** Work to be completed **
Quote all of the data exactly as given. Skip every picture it contains.

[Records provided]

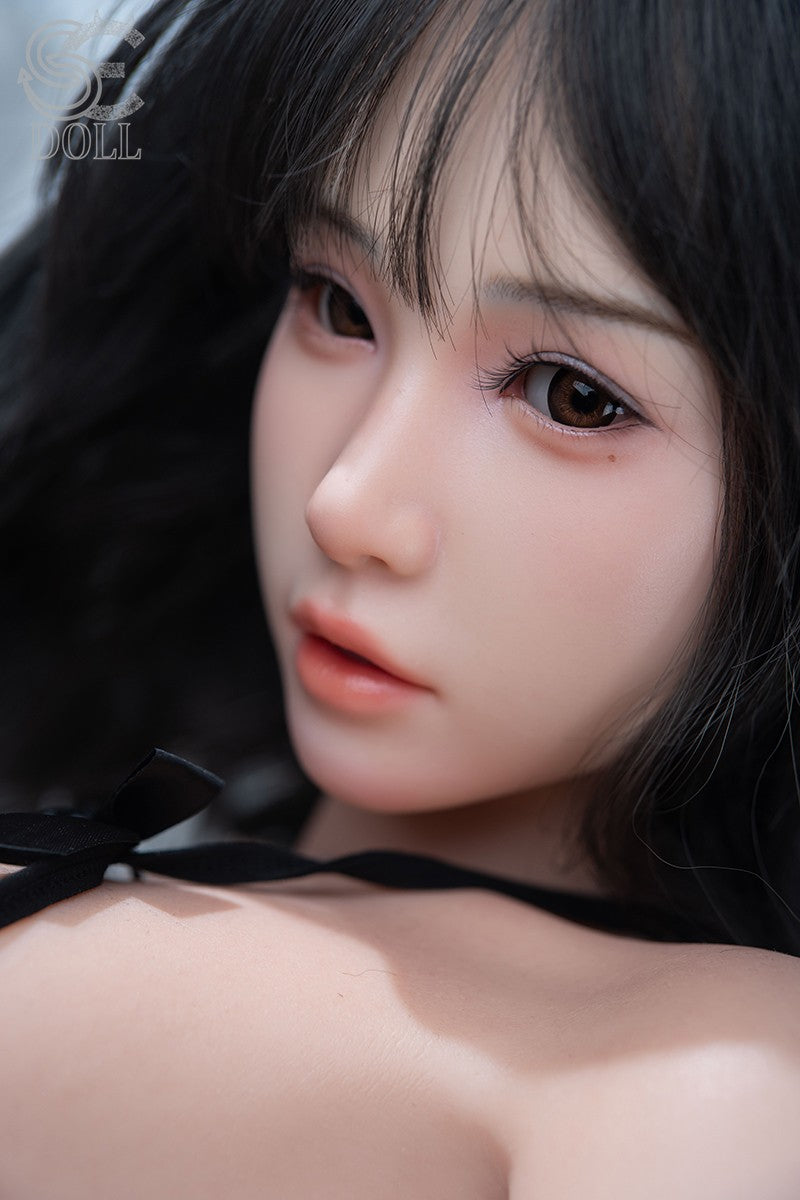 Sena.A Sex doll (SEDoll 160cm C-cup #166SC RST silicone)
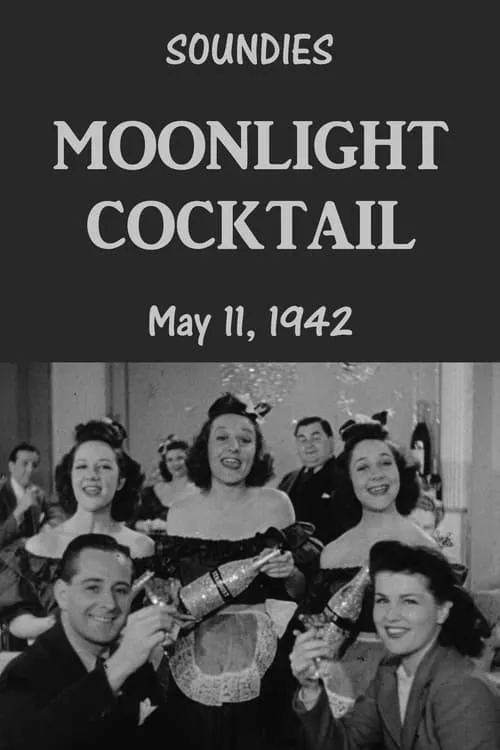 Moonlight Cocktail (фильм)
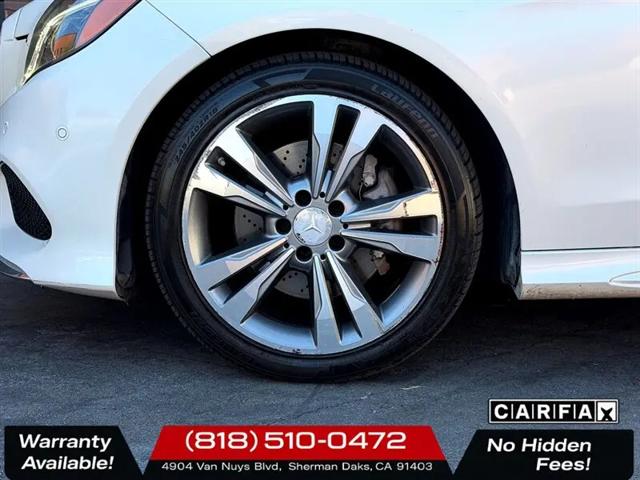 2014 Mercedes-Benz E 350 E 350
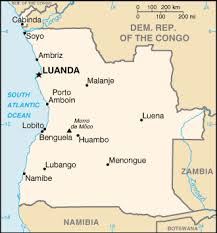 ANGOLA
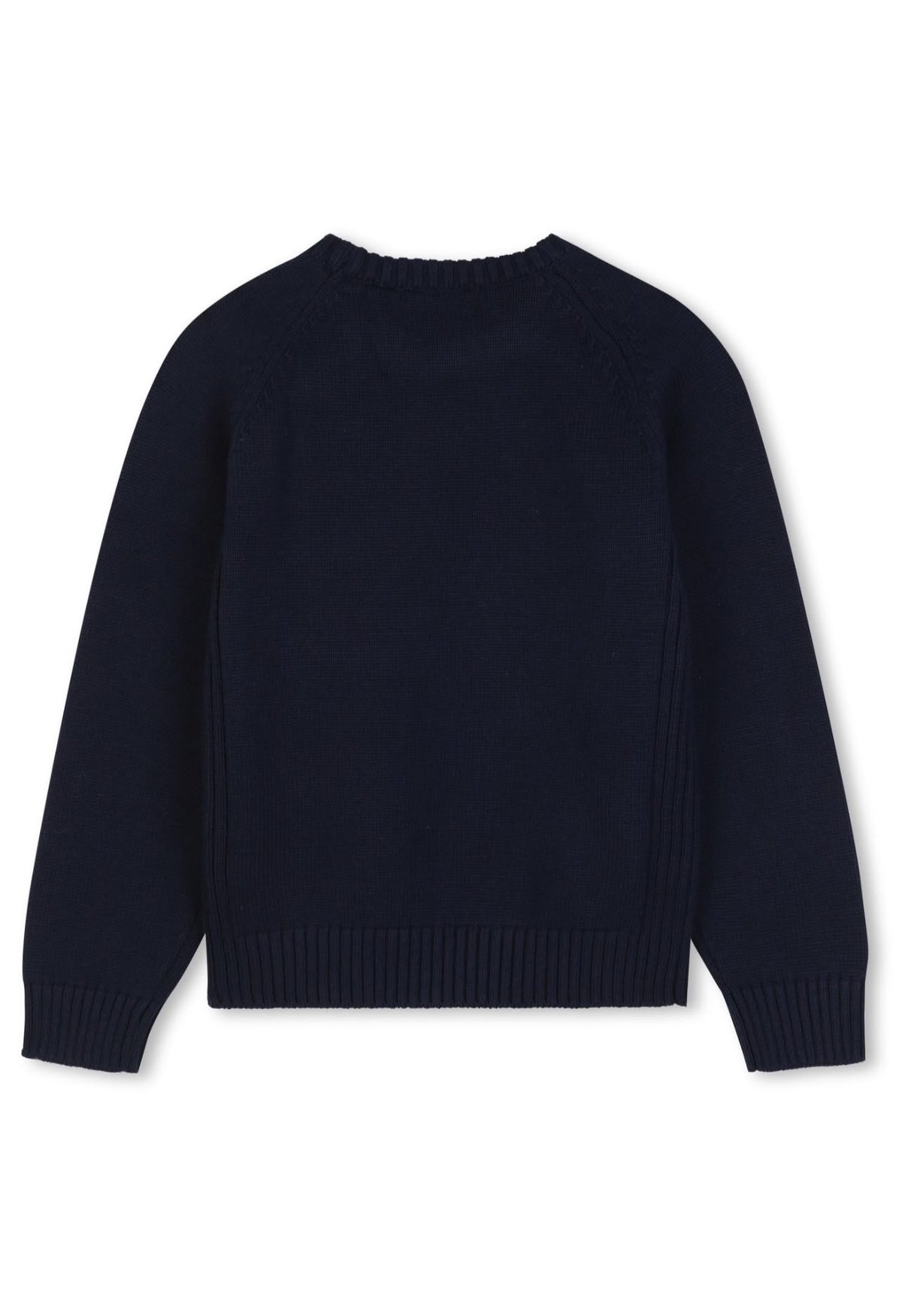 Timberland maglione con lavorazione a maglia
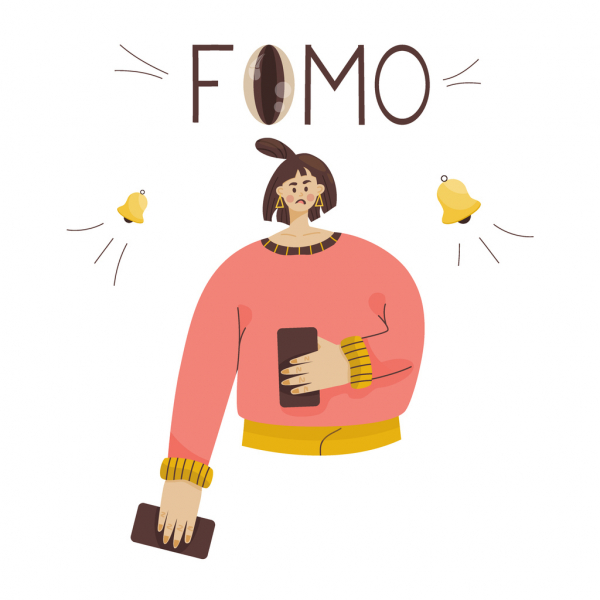 Medya Çağına Ayak Uyduran Bir Duygu: FOMO Nedir?
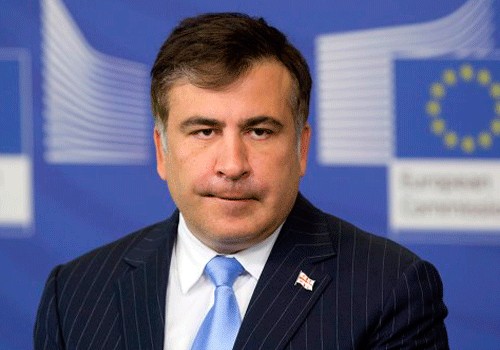 Saakaşvili Ukraynada növbəti qarşıdurmaya səbəb ola bilər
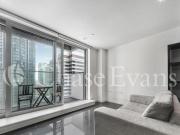 Studio Flat For Rent In Pan Peninsula Studio Flat For Rent In Pan Peninsula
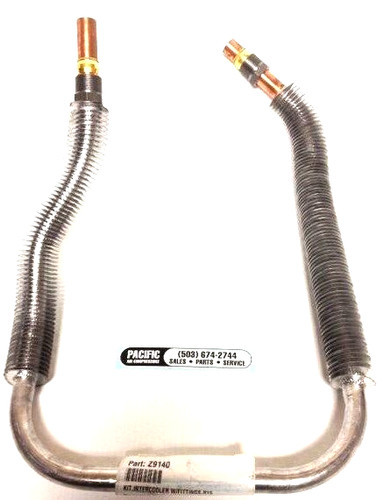 Tubo intercooler champion per - champion,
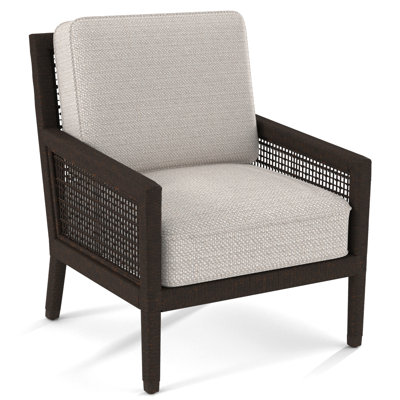 Harper 28" Wide Armchair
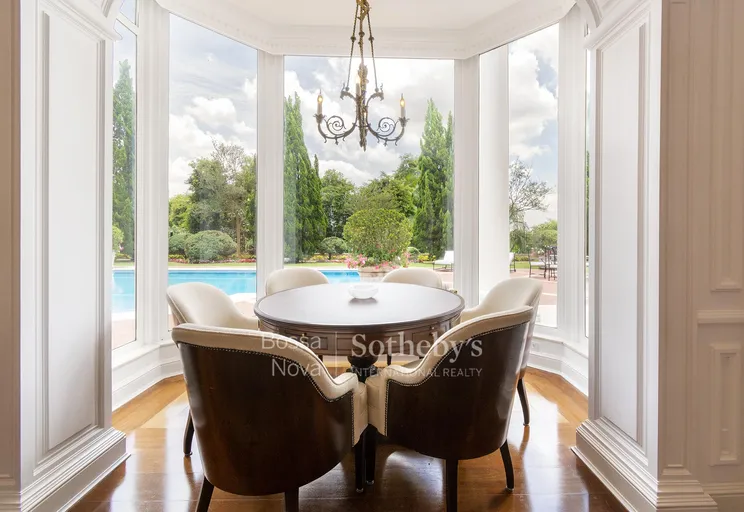 Sala de Almoço - Imagem 11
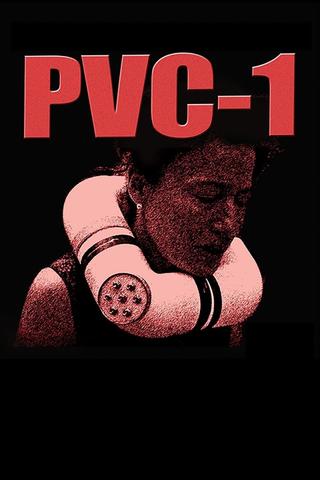 PVC-1 poster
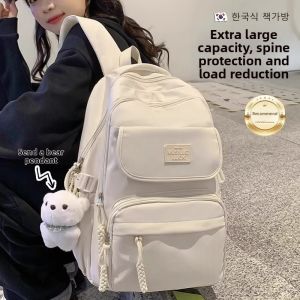 NAIFUNA | Spinal Protection Lightweight Backpack
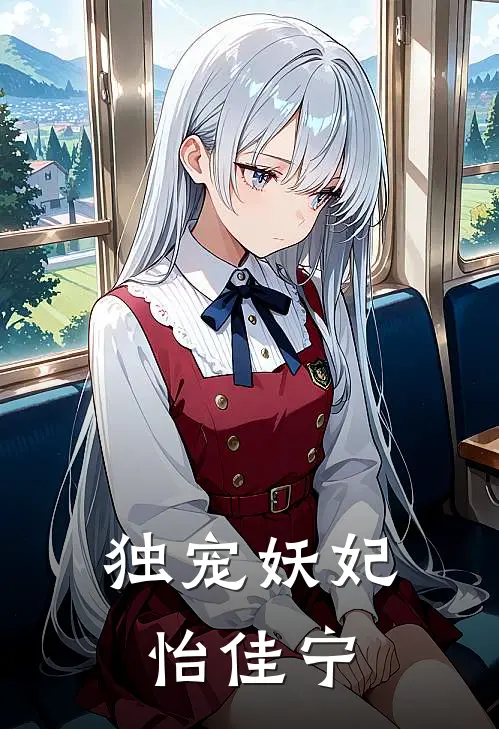 独宠妖妃 怡佳宁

[/Records provided]

** Response to the exercise **
 Sena.A Sex doll (SEDoll 160cm C-cup #166SC RST silicone)
 Moonlight Cocktail (фильм)
 2014 Mercedes-Benz E 350 E 350
 ANGOLA
 Timberland maglione con lavorazione a maglia
 Medya Çağına Ayak Uyduran Bir Duygu: FOMO Nedir?
 Saakaşvili Ukraynada növbəti qarşıdurmaya səbəb ola bilər
 Studio Flat For Rent In Pan Peninsula Studio Flat For Rent In Pan Peninsula
 Tubo intercooler champion per - champion,
 Harper 28" Wide Armchair
 Sala de Almoço - Imagem 11
 PVC-1 poster
 NAIFUNA | Spinal Protection Lightweight Backpack
 独宠妖妃 怡佳宁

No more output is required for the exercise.